====== Entries shown
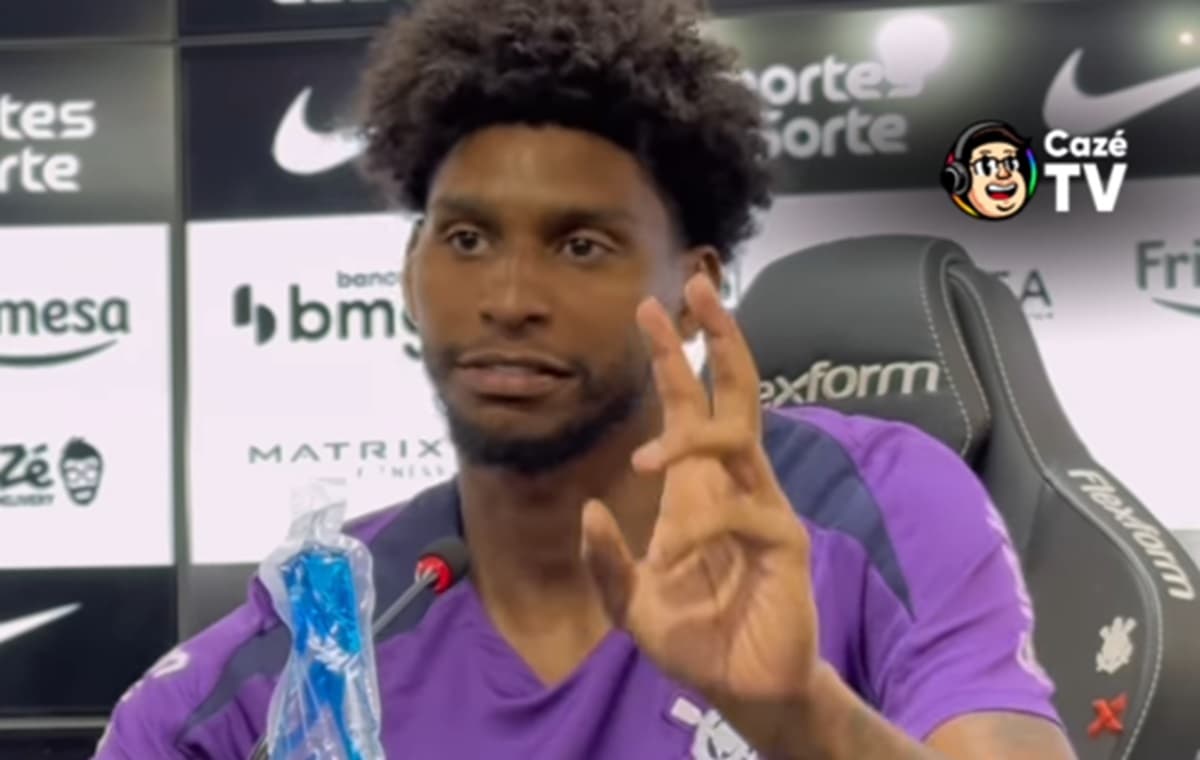 Hugo Souza, goleiro do Corinthians, fala sobre Flamengo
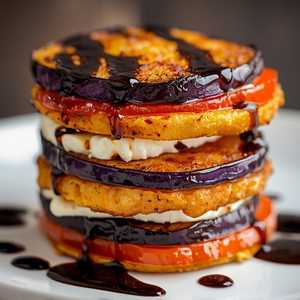 Eggplant Stack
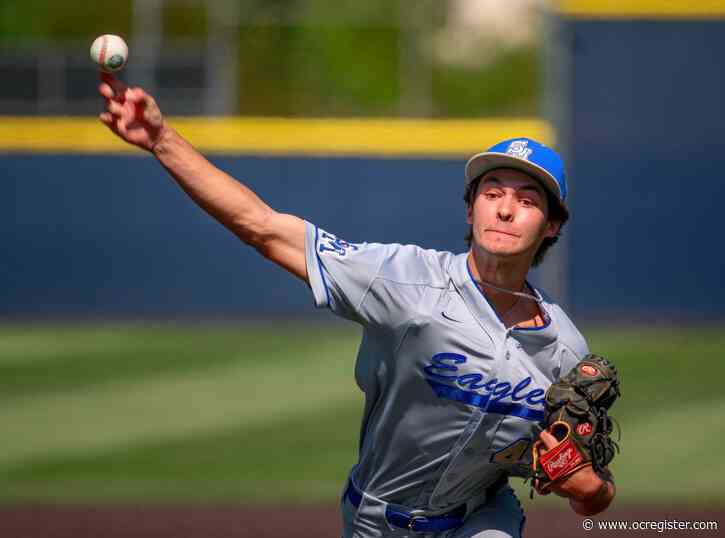 Santa Margarita edges Newport Harbor in playoffs with Brennan Bauer’s shutout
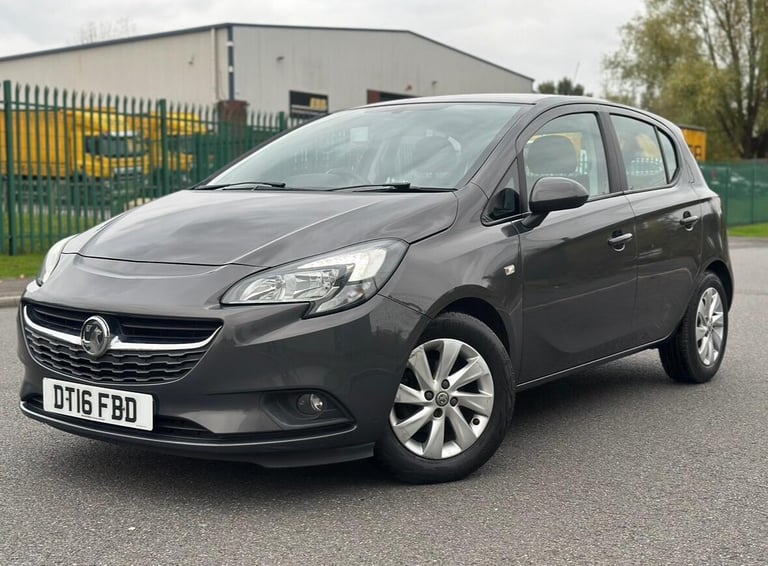 2016 Vauxhall Corsa 1.4i ecoFLEX Design Euro 6 5dr HATCHBACK Petrol Manual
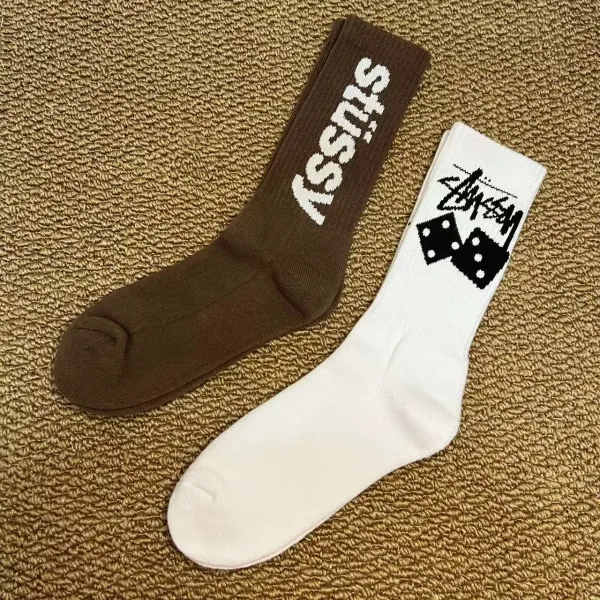 Stussy 8-Ball Socks Black - 5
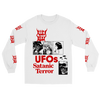 SATANIC UFO LONG-SLEEVE WHITE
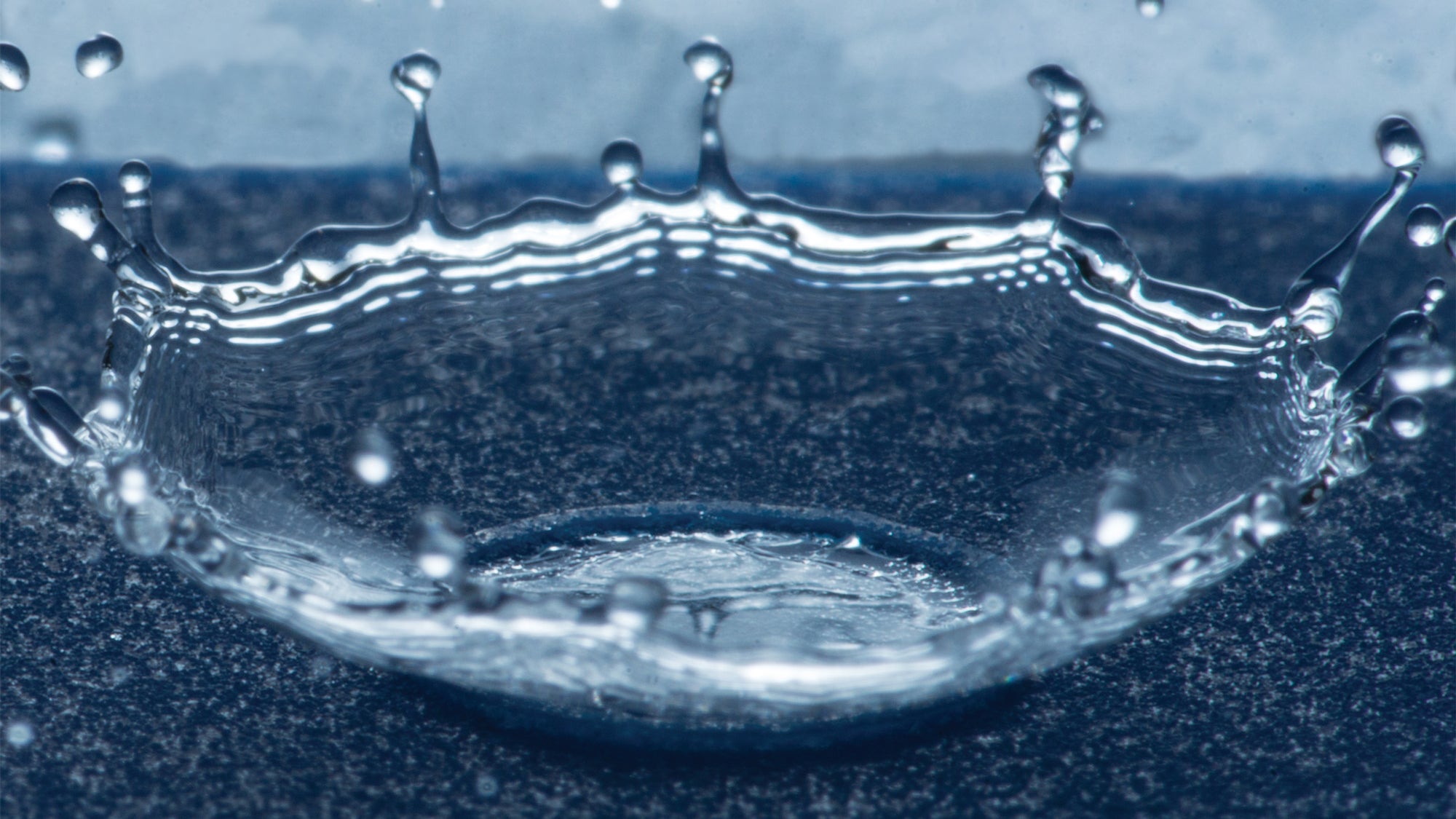 Las gotas de agua suponen un peligro más grande lo que pensamos.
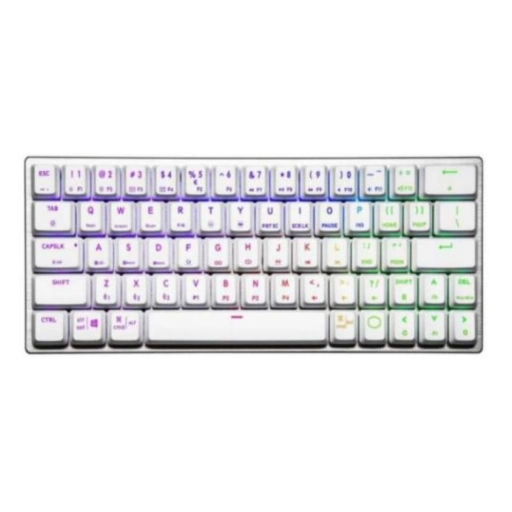 Teclado Mec�nico Cooler Master SK622 White TTC Blue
============
What is required: Print every entry word for word; omit the pictures.

Solution for this exercise:
 Hugo Souza, goleiro do Corinthians, fala sobre Flamengo
 Eggplant Stack
 Santa Margarita edges Newport Harbor in playoffs with Brennan Bauer’s shutout
 2016 Vauxhall Corsa 1.4i ecoFLEX Design Euro 6 5dr HATCHBACK Petrol Manual
 Stussy 8-Ball Socks Black - 5
 SATANIC UFO LONG-SLEEVE WHITE
 Las gotas de agua suponen un peligro más grande lo que pensamos.
 Teclado Mec�nico Cooler Master SK622 White TTC Blue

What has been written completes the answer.